All of lore.kernel.org
 help / color / mirror / Atom feed
From: George Dunlap <george.dunlap@citrix.com>
To: "Han, Huaitong" <huaitong.han@intel.com>, "Wu, Feng" <feng.wu@intel.com>
Cc: "tim@xen.org" <tim@xen.org>, "Tian, Kevin" <kevin.tian@intel.com>,
	"wei.liu2@citrix.com" <wei.liu2@citrix.com>,
	"ian.campbell@citrix.com" <ian.campbell@citrix.com>,
	"stefano.stabellini@eu.citrix.com"
	<stefano.stabellini@eu.citrix.com>,
	"george.dunlap@eu.citrix.com" <george.dunlap@eu.citrix.com>,
	"andrew.cooper3@citrix.com" <andrew.cooper3@citrix.com>,
	"Dong, Eddie" <eddie.dong@intel.com>,
	"xen-devel@lists.xen.org" <xen-devel@lists.xen.org>,
	"jbeulich@suse.com" <jbeulich@suse.com>,
	"Nakajima, Jun" <jun.nakajima@intel.com>,
	"keir@xen.org" <keir@xen.org>,
	"ian.jackson@eu.citrix.com" <ian.jackson@eu.citrix.com>
Subject: Re: [V3 PATCH 7/9] x86/hvm: pkeys, add pkeys support for guest_walk_tables
Date: Fri, 18 Dec 2015 10:03:32 +0000	[thread overview]
Message-ID: <5673D9F4.5050400@citrix.com> (raw)
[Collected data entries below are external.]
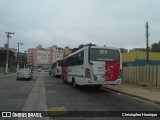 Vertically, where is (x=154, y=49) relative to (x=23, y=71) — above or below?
above

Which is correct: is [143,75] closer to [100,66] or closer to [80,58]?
[80,58]

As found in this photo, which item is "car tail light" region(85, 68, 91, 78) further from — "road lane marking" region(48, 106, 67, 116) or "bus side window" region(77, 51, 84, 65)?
"road lane marking" region(48, 106, 67, 116)

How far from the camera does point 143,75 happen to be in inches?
990

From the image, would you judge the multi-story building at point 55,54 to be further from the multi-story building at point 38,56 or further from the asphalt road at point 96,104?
the asphalt road at point 96,104

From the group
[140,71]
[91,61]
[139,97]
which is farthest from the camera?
[140,71]

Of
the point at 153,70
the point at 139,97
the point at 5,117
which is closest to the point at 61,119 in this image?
the point at 5,117

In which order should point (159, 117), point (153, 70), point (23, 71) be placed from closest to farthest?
point (159, 117), point (153, 70), point (23, 71)

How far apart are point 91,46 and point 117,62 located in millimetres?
2119

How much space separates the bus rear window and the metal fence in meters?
5.29

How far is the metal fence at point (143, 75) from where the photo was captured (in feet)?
75.9

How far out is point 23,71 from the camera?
3656 centimetres

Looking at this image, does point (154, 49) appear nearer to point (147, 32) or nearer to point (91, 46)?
point (147, 32)

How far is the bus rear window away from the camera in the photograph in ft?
61.7

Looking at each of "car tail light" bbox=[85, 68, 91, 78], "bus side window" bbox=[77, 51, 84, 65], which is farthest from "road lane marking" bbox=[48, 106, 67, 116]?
"bus side window" bbox=[77, 51, 84, 65] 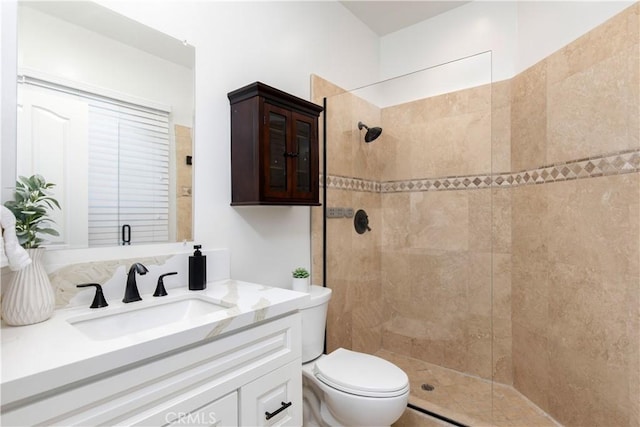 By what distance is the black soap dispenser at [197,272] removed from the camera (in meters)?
1.34

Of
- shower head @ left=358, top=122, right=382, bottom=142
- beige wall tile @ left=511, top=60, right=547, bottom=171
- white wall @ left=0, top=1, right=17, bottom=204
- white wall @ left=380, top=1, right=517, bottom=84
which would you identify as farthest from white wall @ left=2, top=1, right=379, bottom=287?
beige wall tile @ left=511, top=60, right=547, bottom=171

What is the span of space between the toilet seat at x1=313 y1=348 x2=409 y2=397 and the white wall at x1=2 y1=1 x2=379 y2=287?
0.50 meters

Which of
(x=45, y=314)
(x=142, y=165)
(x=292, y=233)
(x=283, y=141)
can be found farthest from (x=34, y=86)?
(x=292, y=233)

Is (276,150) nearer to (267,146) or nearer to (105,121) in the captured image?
(267,146)

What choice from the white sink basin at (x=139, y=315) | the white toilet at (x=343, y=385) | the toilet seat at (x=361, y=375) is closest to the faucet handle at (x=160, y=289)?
the white sink basin at (x=139, y=315)

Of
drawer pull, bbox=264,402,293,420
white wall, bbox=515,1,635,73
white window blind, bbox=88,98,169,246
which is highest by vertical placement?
white wall, bbox=515,1,635,73

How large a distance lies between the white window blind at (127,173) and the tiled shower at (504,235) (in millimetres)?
993

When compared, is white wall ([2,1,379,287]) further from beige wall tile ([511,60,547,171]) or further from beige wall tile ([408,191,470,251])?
beige wall tile ([511,60,547,171])

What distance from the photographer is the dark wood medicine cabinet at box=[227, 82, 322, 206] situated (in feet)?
4.98

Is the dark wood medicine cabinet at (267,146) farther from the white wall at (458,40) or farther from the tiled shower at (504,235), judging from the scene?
the white wall at (458,40)

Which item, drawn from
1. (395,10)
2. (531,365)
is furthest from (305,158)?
(531,365)

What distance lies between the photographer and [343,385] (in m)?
1.47

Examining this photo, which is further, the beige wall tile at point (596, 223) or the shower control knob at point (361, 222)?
the shower control knob at point (361, 222)

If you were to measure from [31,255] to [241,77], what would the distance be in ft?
3.82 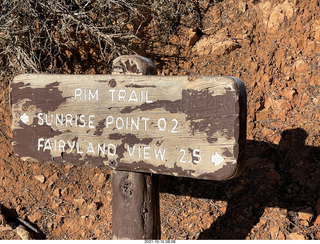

In-Reply-To: <1450426913.4557.20.camel@intel.com>

On 18/12/15 08:21, Han, Huaitong wrote:
> On Wed, 2015-12-16 at 15:36 +0000, George Dunlap wrote:
>> [Adding Tim, the previous mm maintainer]
>>
>> On 11/12/15 09:16, Wu, Feng wrote:
>>>>> +{
>>>>> +    void *xsave_addr;
>>>>> +    unsigned int pkru = 0;
>>>>> +    bool_t pkru_ad, pkru_wd;
>>>>> +
>>>>> +    bool_t uf = !!(pfec & PFEC_user_mode);
>>>>> +    bool_t wf = !!(pfec & PFEC_write_access);
>>>>> +    bool_t ff = !!(pfec & PFEC_insn_fetch);
>>>>> +    bool_t rsvdf = !!(pfec & PFEC_reserved_bit);
>>>>> +    bool_t pkuf  = !!(pfec & PFEC_prot_key);
>>>>
>>>> So I'm just wondering out loud here -- is there actually any
>>>> situation
>>>> in which we would want guest_walk_tables to act differently than
>>>> the
>>>> real hardware?
>>>>
>>>> That is, is there actually any situation where, pku is enabled,
>>>> the vcpu
>>>> is in long mode, PFEC_write_access and/or PFEC_page_present is
>>>> set, and
>>>> the pkey is non-zero, that we want guest_walk_tables() to only
>>>> check the
>>>> write-protect bit for the pte, and not also check the pkru?
>>>>
>>>> Because if not, it seems like it would be much more robust to
>>>> simply
>>>> *always* check for pkru_ad if PFEC_page_present is set, and for
>>>> pkru_wd
>>>> if PFEC_write_access is set.
>>>
>>> guest_walk_tables() is also used by shadow code, though we don't
>>> plan to support pkeys for shadow now, however, in that case, the
>>> 'pfec'
>>> is generated by hardware, and the pkuf bit may be 0 or 1 depending
>>> on the real page fault. If we unconditionally check pkeys in
>>> guest_walk_tables(), it is not a good ideas for someone who may
>>> want to implement the pkeys for shadow in future, since we only
>>> need to check pkeys when the pkuf is set in pfec.
>>
>> So you'll have to forgive me for being a bit slow here -- I stepped
>> away
>> from the mm code for a while, and a lot has changed since I agreed to
>> become mm maintainer earlier this year.
>>
>> So here is what I see in the tree; please correct me if I missed
>> something important.
>>
>> The function guest_walk_tables():
>>  1. Accepts a pfec argument which is meant to describe the *access
>> type*
>> that is happening
>>  2. Returns a value with the "wrong" flags (i.e., flags which needed
>> to
>> be set that were missing, or flags that needed to be clear that were
>> set).
>>  3. It checks reserved bits in the pagetable regardless of whether
>> PFEC_reserved_bit is set in the caller, and returns
>> _PAGE_INVALID_BITS
>> if so.
>>  4. If PFEC_insn_fetch is set, it will only check for nx and smep if
>> those features are enabled for the guest.
>>
>> The main callers are the various gva_to_gfn(), which accept a
>> *pointer*
>> to a pfec argument.  This pointer is actually bidirectional: its
>> value
>> passed to guest_walk_tables() to determine what access types are
>> checked; what is returned is meant to be a pfec value which can be
>> passed to a guest as part of a fault (and is by several callers). 
>>  But
>> it may also return the Xen-internal flags, PFEC_page_{paged,shared}.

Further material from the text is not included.